Building Training Test...


In [None]:
i = 0 
for f, breed in tqdm(df_train.values):
    filedir = '../train/{}.jpg'.format(f)
    label = one_hot_labels[i]
    x_train.append(resize_image(filedir))
    y_train.append(label)
    i += 1
    
for f in tqdm(df_test['id'].values):
    filedir = cv2.imread'../test/{}.jpg'.format(f))
    x_test.append(cv2.resize(img, (im_size, im_size)))

In [6]:
num_class = y_train_raw.shape[1]

X_train, X_valid, Y_train, Y_valid = train_test_split(x_train_raw, y_train_raw, test_size=0.3, random_state=1)

print("\n Done")


 Done


In [7]:
print("\n\nBuilding Model...")

base_model = VGG19(weights='imagenet',include_top=False, input_shape=(im_size, im_size, 3))
x = base_model.output
x = Flatten()(x)
predictions = Dense(num_class, activation='softmax')(x)

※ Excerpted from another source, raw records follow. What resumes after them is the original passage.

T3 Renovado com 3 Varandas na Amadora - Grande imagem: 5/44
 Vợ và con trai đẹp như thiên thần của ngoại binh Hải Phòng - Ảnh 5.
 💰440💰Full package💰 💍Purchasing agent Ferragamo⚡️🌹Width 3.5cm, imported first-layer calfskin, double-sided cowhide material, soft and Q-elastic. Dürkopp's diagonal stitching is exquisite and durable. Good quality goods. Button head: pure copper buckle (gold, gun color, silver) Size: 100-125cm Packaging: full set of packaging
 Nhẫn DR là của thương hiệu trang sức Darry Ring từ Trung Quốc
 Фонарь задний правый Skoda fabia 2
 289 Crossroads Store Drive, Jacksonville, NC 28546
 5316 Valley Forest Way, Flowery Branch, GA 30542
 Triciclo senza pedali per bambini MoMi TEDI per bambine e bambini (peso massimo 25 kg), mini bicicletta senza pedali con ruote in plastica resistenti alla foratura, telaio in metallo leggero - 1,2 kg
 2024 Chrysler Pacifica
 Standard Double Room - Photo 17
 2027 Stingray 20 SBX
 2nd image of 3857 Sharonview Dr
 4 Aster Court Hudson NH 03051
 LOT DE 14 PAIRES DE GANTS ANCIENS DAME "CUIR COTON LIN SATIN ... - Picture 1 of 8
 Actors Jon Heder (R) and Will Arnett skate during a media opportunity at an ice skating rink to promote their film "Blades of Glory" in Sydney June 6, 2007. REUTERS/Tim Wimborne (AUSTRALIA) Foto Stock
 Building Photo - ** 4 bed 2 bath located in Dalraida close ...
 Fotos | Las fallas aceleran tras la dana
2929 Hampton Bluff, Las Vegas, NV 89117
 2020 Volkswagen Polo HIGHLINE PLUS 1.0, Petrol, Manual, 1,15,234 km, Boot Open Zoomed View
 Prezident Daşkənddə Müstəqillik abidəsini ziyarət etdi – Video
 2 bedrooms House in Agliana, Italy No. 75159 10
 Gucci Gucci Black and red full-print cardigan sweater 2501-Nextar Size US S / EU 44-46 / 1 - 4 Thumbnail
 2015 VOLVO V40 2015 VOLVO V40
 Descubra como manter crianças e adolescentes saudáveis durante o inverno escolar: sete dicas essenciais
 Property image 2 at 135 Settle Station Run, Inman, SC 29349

model = Model(inputs=base_model.input, outputs=predictions)
for layer in base_model.layers:
    layer.trainable = False



Building Model...


In [8]:
print("\nTraining Model...")

model.compile(loss='categorical_crossentropy', optimizer='adam', metrics=['accuracy'])
#callbacks_list = [keras.callbacks.EarlyStopping(monitor='val_acc', patience=3, verbose=1)]
model.summary()

model.fit(X_train, Y_train, epochs=100, validation_data=(X_valid, Y_valid), verbose=1)
print("\nDone")


Training Model...
_________________________________________________________________
Layer (type)                 Output Shape              Param #   
input_1 (InputLayer)         (None, 90, 90, 3)         0         
_________________________________________________________________
block1_conv1 (Conv2D)        (None, 90, 90, 64)        1792      
_________________________________________________________________
block1_conv2 (Conv2D)        (None, 90, 90, 64)        36928     
_________________________________________________________________
block1_pool (MaxPooling2D)   (None, 45, 45, 64)        0         
_________________________________________________________________
block2_conv1 (Conv2D)        (None, 45, 45, 128)       73856     
_________________________________________________________________
block2_conv2 (Conv2D)        (None, 45, 45, 128)       147584    
_________________________________________________________________
block2_pool (MaxPooling2D)   (None, 22, 22, 128)       0 

In [9]:
print("\nPredicting")
preds = model.predict(x_test, verbose=1)
sub = pd.DataFrame(preds)

# Set column names to those generated by the one-hot encoding earlier
col_names = one_hot.columns.values
sub.columns = col_names
# Insert the column id from the sample_submission at the start of the data frame
sub.insert(0, 'id', df_test['id'])
sub.head(5)

# Write to file
print("\n Printing to Disk")

filename = "Prediction_Dog_Classif_" + re.sub("[^0-9]", "",str(datetime.datetime.now())) + '.csv'
print(filename)
sub.to_csv(filename,index=False)


Predicting

 Printing to Disk
Prediction_Dog_Classif_20171019043253413827.csv